Data under study ::

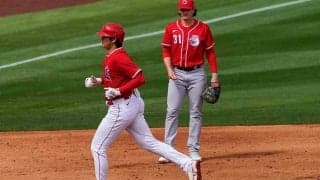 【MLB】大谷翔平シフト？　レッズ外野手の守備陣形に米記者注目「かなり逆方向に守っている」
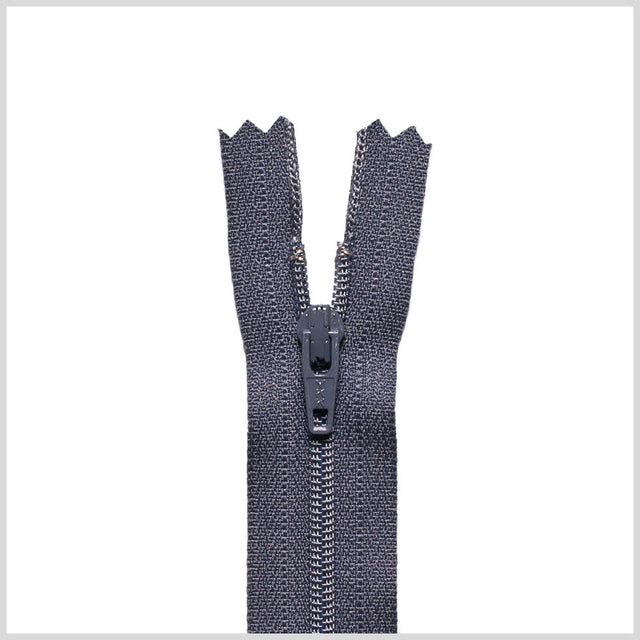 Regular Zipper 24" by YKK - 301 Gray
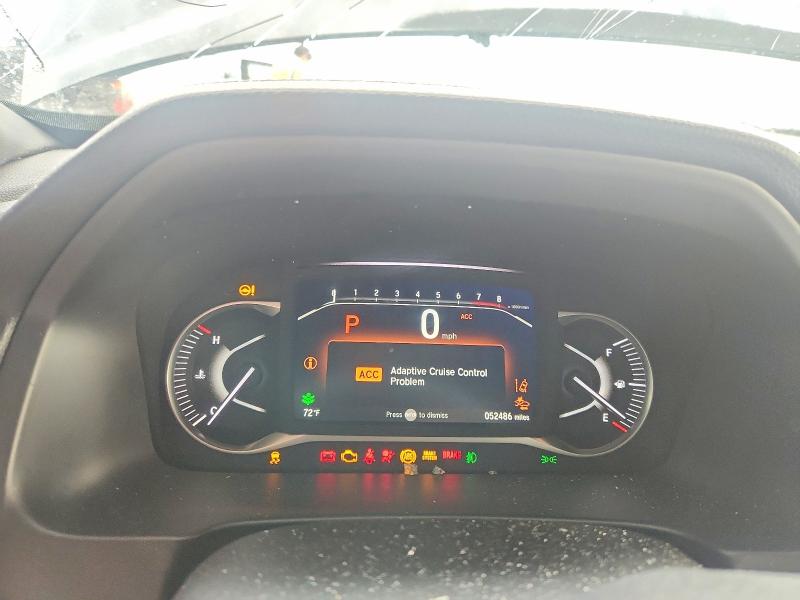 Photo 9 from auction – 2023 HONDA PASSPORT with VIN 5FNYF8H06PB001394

...

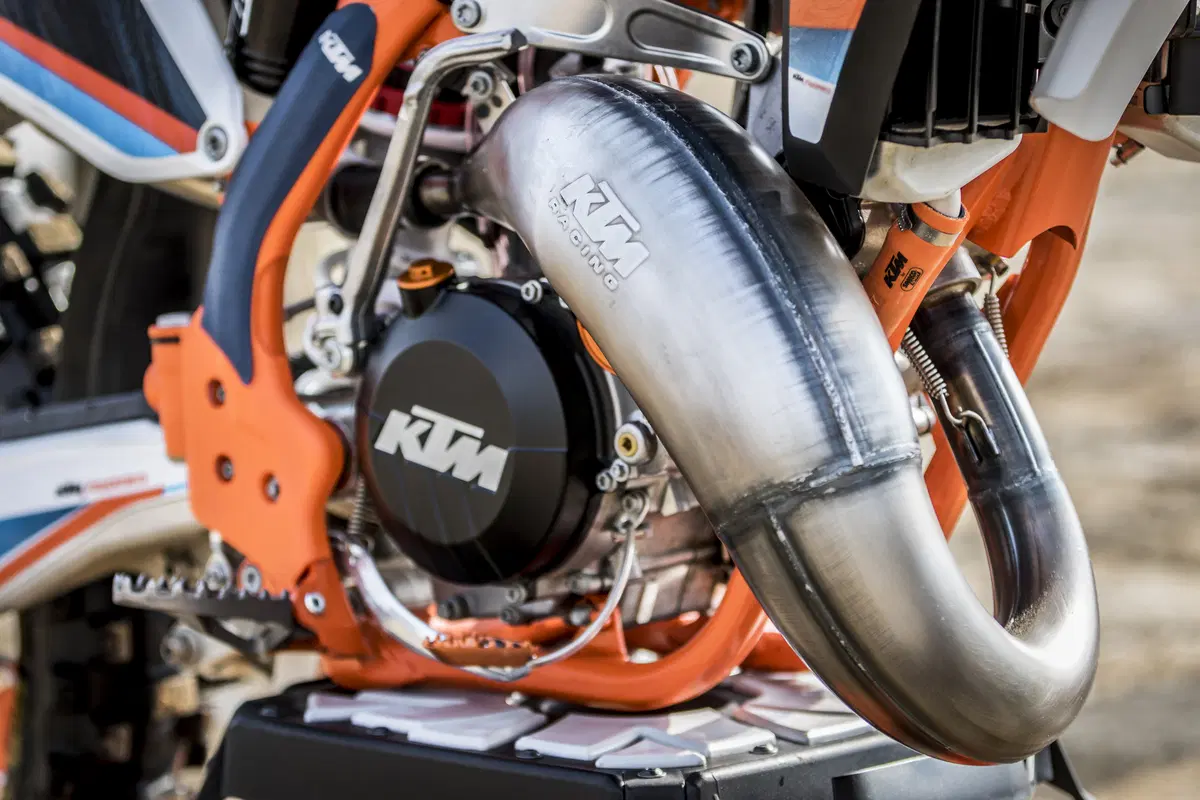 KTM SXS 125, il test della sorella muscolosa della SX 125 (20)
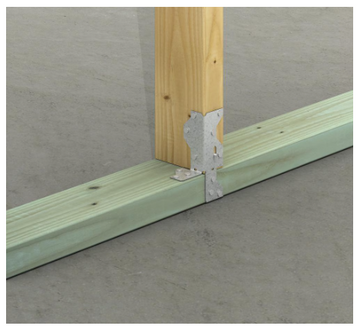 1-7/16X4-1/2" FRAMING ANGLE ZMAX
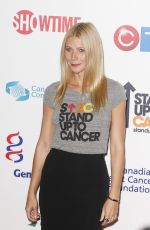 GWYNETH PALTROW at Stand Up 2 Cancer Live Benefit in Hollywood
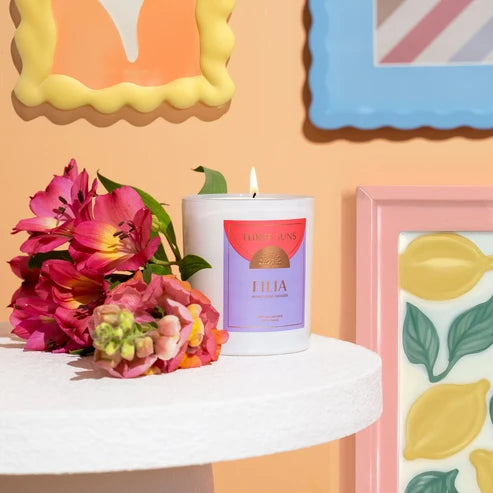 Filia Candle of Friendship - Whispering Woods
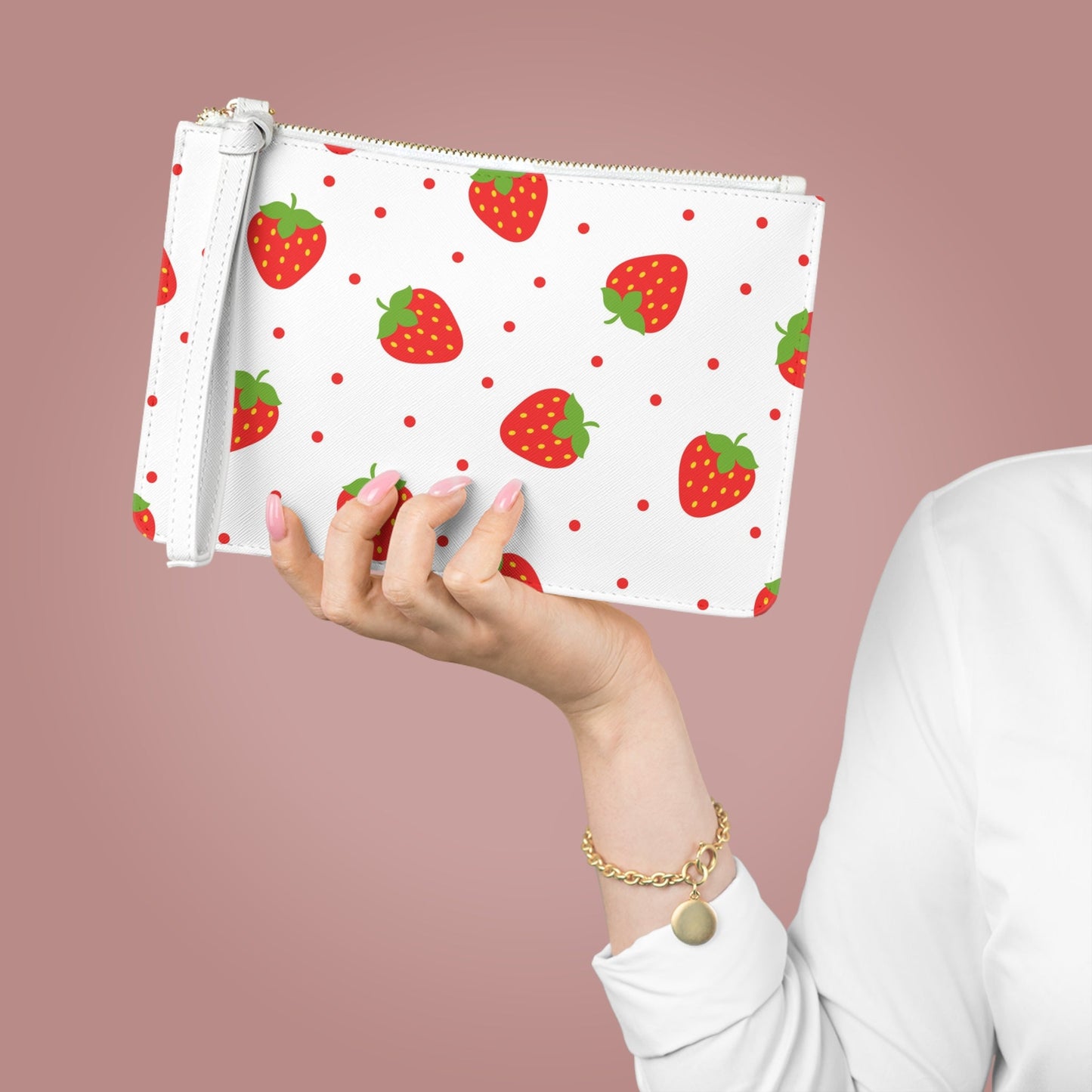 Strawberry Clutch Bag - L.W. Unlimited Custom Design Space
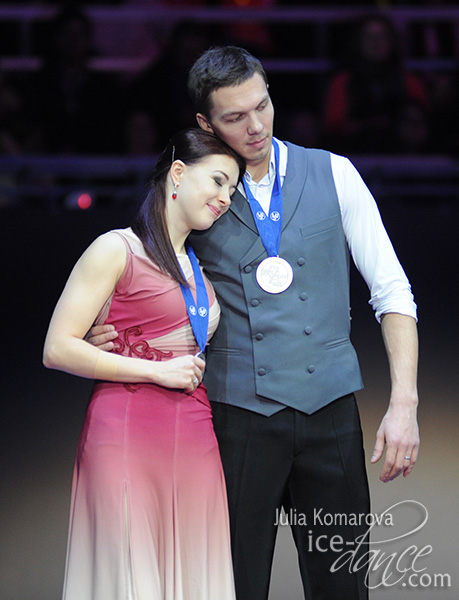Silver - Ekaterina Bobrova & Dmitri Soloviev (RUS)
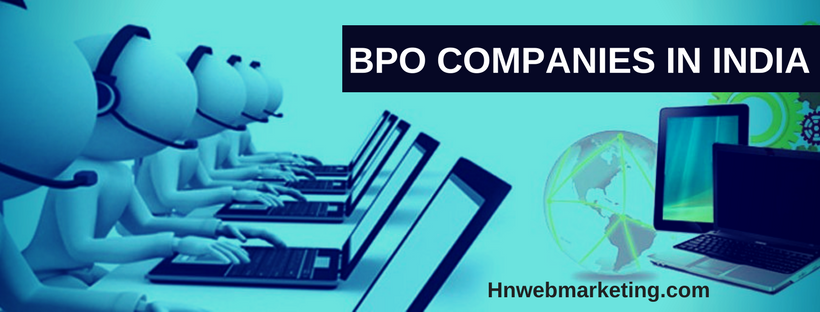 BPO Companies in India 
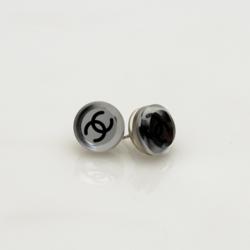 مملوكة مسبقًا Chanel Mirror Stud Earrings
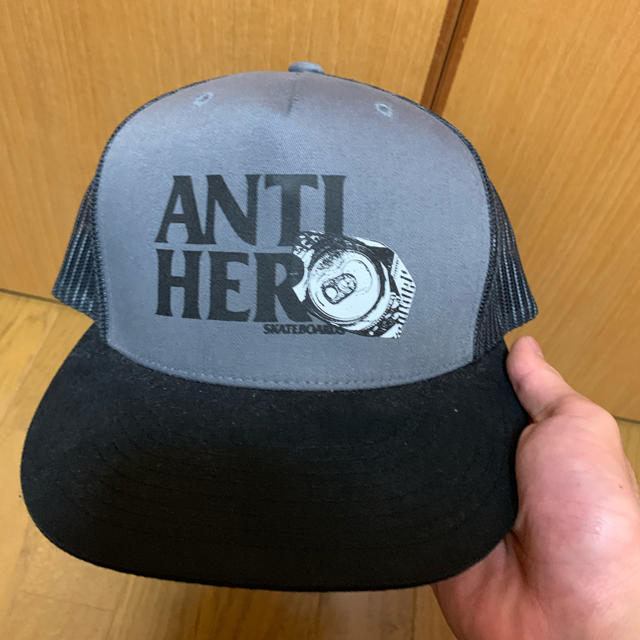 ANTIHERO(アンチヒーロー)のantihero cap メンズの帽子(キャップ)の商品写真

Problem to work on :: Given the records above, return the lines starting at the one that holds "BPO Companies in India" and ending at the one that holds "ANTIHERO(アンチヒーロー)のantihero cap メンズの帽子(キャップ)の商品写真", exactly, and nothing besides; leave every picture out.

Response to the task ::
 BPO Companies in India 
 مملوكة مسبقًا Chanel Mirror Stud Earrings
 ANTIHERO(アンチヒーロー)のantihero cap メンズの帽子(キャップ)の商品写真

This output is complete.